Work request — Exactly the lines from the one holding "Black cotton Maxi/Kimono dress" through the final line of the data are wanted, copied as written.

[Extracted records]
········
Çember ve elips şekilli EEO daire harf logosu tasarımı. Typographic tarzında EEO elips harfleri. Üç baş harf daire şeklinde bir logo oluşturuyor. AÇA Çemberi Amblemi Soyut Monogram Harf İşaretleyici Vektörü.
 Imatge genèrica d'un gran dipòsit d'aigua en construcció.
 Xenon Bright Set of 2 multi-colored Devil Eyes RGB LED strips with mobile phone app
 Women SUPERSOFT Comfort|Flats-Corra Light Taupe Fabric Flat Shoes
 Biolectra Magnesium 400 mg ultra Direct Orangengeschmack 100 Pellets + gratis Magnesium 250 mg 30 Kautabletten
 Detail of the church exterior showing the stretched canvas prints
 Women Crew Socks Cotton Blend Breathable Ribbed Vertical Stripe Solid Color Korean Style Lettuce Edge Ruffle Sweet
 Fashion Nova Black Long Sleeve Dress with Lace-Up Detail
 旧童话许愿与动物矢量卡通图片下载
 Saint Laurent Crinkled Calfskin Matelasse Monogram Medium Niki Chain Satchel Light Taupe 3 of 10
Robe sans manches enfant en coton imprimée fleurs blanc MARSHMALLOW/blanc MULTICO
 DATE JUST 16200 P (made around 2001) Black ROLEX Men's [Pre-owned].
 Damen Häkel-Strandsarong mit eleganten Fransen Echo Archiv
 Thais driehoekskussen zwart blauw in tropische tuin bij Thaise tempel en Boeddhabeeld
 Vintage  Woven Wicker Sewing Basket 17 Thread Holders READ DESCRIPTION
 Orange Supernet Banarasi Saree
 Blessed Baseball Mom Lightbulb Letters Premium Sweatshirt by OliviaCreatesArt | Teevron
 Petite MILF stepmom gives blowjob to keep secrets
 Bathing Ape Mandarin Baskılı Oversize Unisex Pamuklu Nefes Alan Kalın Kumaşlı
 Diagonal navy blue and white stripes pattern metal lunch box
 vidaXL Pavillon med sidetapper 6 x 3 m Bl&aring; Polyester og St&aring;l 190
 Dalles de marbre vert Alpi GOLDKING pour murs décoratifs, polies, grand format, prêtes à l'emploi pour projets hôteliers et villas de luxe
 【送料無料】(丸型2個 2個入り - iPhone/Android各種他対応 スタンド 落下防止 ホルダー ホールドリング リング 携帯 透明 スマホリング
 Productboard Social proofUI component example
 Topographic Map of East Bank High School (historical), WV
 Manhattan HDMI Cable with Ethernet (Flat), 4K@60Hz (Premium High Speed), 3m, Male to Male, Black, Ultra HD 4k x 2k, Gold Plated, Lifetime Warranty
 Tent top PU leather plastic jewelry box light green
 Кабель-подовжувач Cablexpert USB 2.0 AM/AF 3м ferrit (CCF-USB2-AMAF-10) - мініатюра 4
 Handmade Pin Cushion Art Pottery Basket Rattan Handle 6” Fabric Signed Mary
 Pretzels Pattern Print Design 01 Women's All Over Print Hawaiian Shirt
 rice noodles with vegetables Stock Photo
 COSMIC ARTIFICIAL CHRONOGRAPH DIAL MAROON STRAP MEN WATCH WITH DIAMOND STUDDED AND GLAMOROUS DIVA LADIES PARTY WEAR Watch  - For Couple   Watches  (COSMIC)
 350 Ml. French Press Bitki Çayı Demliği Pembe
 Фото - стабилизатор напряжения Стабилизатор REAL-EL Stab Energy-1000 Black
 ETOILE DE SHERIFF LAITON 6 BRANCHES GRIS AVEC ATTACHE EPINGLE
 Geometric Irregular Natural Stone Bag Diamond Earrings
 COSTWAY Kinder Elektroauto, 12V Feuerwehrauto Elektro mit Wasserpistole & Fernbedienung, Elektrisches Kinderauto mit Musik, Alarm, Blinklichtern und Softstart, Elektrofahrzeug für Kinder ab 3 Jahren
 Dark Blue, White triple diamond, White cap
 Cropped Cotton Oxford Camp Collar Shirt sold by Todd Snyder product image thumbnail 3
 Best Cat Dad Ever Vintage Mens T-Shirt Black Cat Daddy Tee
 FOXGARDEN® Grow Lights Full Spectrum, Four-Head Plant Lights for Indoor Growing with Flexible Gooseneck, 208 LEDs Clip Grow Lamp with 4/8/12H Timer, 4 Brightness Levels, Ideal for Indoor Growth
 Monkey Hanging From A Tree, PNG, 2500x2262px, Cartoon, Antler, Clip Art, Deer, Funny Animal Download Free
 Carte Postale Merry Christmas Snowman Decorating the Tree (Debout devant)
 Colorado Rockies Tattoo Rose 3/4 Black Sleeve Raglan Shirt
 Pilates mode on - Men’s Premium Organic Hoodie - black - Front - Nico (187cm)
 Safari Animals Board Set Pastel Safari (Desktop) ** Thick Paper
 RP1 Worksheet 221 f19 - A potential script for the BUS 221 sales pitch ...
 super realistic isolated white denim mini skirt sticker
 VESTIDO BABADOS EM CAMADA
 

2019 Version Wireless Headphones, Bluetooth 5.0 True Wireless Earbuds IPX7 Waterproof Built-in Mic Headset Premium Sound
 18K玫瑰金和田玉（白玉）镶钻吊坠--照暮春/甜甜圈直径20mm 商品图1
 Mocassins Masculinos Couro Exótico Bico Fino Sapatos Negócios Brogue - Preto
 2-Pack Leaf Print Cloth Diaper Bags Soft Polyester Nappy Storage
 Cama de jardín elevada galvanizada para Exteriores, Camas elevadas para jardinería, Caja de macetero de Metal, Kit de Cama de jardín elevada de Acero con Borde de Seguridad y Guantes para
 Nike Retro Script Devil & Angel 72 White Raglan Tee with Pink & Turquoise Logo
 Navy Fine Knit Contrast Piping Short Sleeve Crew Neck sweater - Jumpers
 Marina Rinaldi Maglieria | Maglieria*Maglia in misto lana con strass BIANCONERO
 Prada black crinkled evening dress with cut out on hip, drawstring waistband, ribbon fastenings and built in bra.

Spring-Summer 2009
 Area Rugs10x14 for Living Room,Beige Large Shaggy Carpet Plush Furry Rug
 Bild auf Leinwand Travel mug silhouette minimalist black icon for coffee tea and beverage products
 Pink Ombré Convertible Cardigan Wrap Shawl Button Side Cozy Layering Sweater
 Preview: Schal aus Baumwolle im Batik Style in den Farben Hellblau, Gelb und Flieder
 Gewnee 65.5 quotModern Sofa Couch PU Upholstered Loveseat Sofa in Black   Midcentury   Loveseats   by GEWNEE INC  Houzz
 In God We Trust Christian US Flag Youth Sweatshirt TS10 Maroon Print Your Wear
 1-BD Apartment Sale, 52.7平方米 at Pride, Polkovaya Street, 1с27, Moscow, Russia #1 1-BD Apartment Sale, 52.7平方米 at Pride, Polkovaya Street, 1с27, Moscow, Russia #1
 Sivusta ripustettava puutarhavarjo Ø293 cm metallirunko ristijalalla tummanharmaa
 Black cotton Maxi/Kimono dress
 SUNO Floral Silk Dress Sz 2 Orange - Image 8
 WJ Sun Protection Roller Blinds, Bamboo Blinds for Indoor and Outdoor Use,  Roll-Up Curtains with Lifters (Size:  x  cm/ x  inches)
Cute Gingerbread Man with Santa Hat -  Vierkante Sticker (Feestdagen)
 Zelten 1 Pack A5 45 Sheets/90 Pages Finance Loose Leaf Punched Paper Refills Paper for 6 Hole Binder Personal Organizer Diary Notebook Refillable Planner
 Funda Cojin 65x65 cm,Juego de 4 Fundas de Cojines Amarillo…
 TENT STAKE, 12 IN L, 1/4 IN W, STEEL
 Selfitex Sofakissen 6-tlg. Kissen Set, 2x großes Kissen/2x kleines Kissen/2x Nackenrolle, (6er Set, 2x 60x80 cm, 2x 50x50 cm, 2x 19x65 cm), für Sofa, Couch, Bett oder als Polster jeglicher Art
········
Exercise solution —
 Black cotton Maxi/Kimono dress
 SUNO Floral Silk Dress Sz 2 Orange - Image 8
 WJ Sun Protection Roller Blinds, Bamboo Blinds for Indoor and Outdoor Use,  Roll-Up Curtains with Lifters (Size:  x  cm/ x  inches)
Cute Gingerbread Man with Santa Hat -  Vierkante Sticker (Feestdagen)
 Zelten 1 Pack A5 45 Sheets/90 Pages Finance Loose Leaf Punched Paper Refills Paper for 6 Hole Binder Personal Organizer Diary Notebook Refillable Planner
 Funda Cojin 65x65 cm,Juego de 4 Fundas de Cojines Amarillo…
 TENT STAKE, 12 IN L, 1/4 IN W, STEEL
 Selfitex Sofakissen 6-tlg. Kissen Set, 2x großes Kissen/2x kleines Kissen/2x Nackenrolle, (6er Set, 2x 60x80 cm, 2x 50x50 cm, 2x 19x65 cm), für Sofa, Couch, Bett oder als Polster jeglicher Art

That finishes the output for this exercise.